The Best Part — Time to Enjoy!
Look at that golden color! So crispy, so beautiful. You can eat these on their own, or make a quick mayo-ketchup dip (equal parts mayo and ketchup – you can even add a touch of garlic for extra flavor).
Pair your sorullos with a warm cup of café con leche (coffee), and you’ve got yourself a traditional Puerto Rican breakfast.
Whether you grew up on the island or are discovering Puerto Rican flavors for the first time, this recipe brings a little taste of Puerto Rico right to your kitchen.

Want More Puerto Rican Breakfast Favorites?
If you loved making these sorullos, be sure to check out my other traditional breakfast recipes like oatmeal, farina, or crema de maiz.
💖 Yessi
Crispy and Delicious Puerto Rican Sorullos Recipe

Equipment
- 1 frying pan
- 1 tongs
- 1 Mixing Bowl
- 1 Paper Towel lined plate
Ingredients
- 1 cup milk regular, almond, or coconut milk — I love coconut milk!
- 1 cup water
- 2 tablespoons sugar adjust to taste
- ¼ teaspoon salt
- 1 tablespoon butter
- 1 cup fine yellow cornmeal such as Goya or PAN brand
- ¼ cup shredded cheese cheddar or your favorite melty cheese
- Oil for frying I use avocado
Instructions
- In a saucepan (before turning on the heat), combine milk, water, sugar, salt, and cornmeal. Whisk until smooth — no lumps!
- Add butter, then turn the stove to medium heat. Stir continuously as the mixture thickens. After 3–4 minutes, it should start pulling away from the sides of the pot, that’s your sign it’s ready.
- Remove from heat and stir in shredded cheese. Mix well so the cheese melts into the masa.
- Let the dough cool until you can comfortably touch it. Wet your hands with water to prevent sticking. Roll tablespoon-sized portions into smooth balls, then shape them into small cylinders (about the size of a thick breadstick).
- In a deep pan, heat 1½–2 inches of oil over medium-high heat. You’ll know it’s ready when a small piece of dough sizzles immediately.
- Carefully add a few sorullos at a time. Fry for about 3–4 minutes or until golden brown. They’ll float to the top and release easily once done.

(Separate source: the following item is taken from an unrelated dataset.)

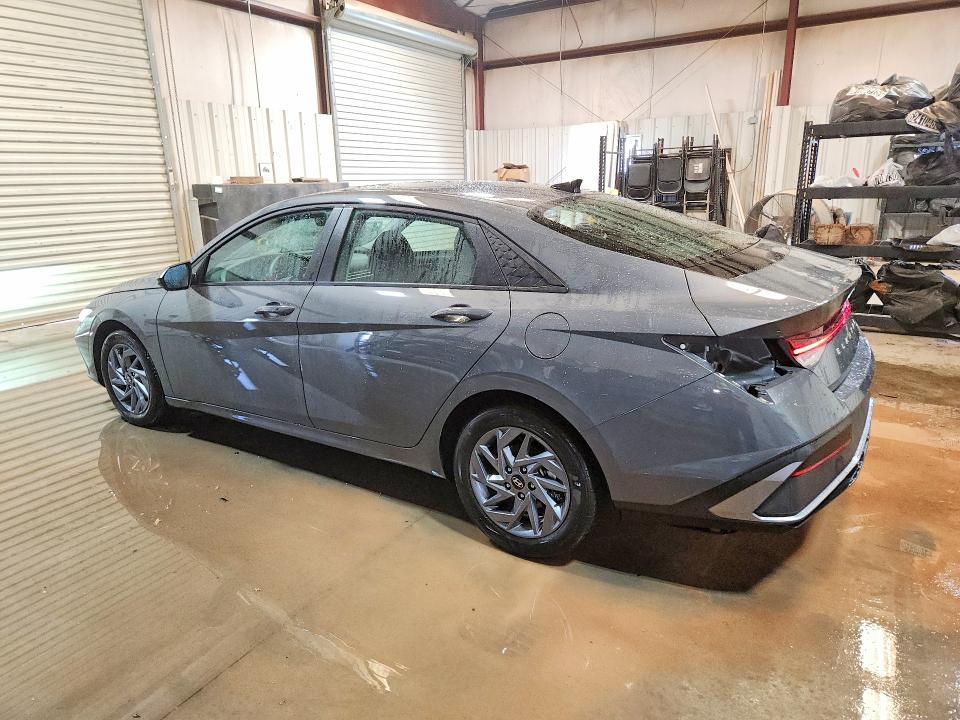 2026 Hyundai Elantra Hybrid მანქანა იყიდება აუქციონზე, vin: KMHLM4DJ9TU201917, აუქციონის ნომერი: 70595916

- Place on a paper towel-lined plate to absorb excess oil. Serve warm — plain, with mayo-ketchup dip, or alongside a cup of coffee.
Video
Notes
- If you prefer sweeter sorullos, add an extra tablespoon of sugar.
- For a cheesier bite, you can tuck a little bit of cheese inside each sorullo as you are shaping them.
- These are best enjoyed fresh and hot, but you can refrigerate the masa and shape them later.
- Pair them with coffee, hot chocolate, or even as a side for savory dishes like eggs or ham.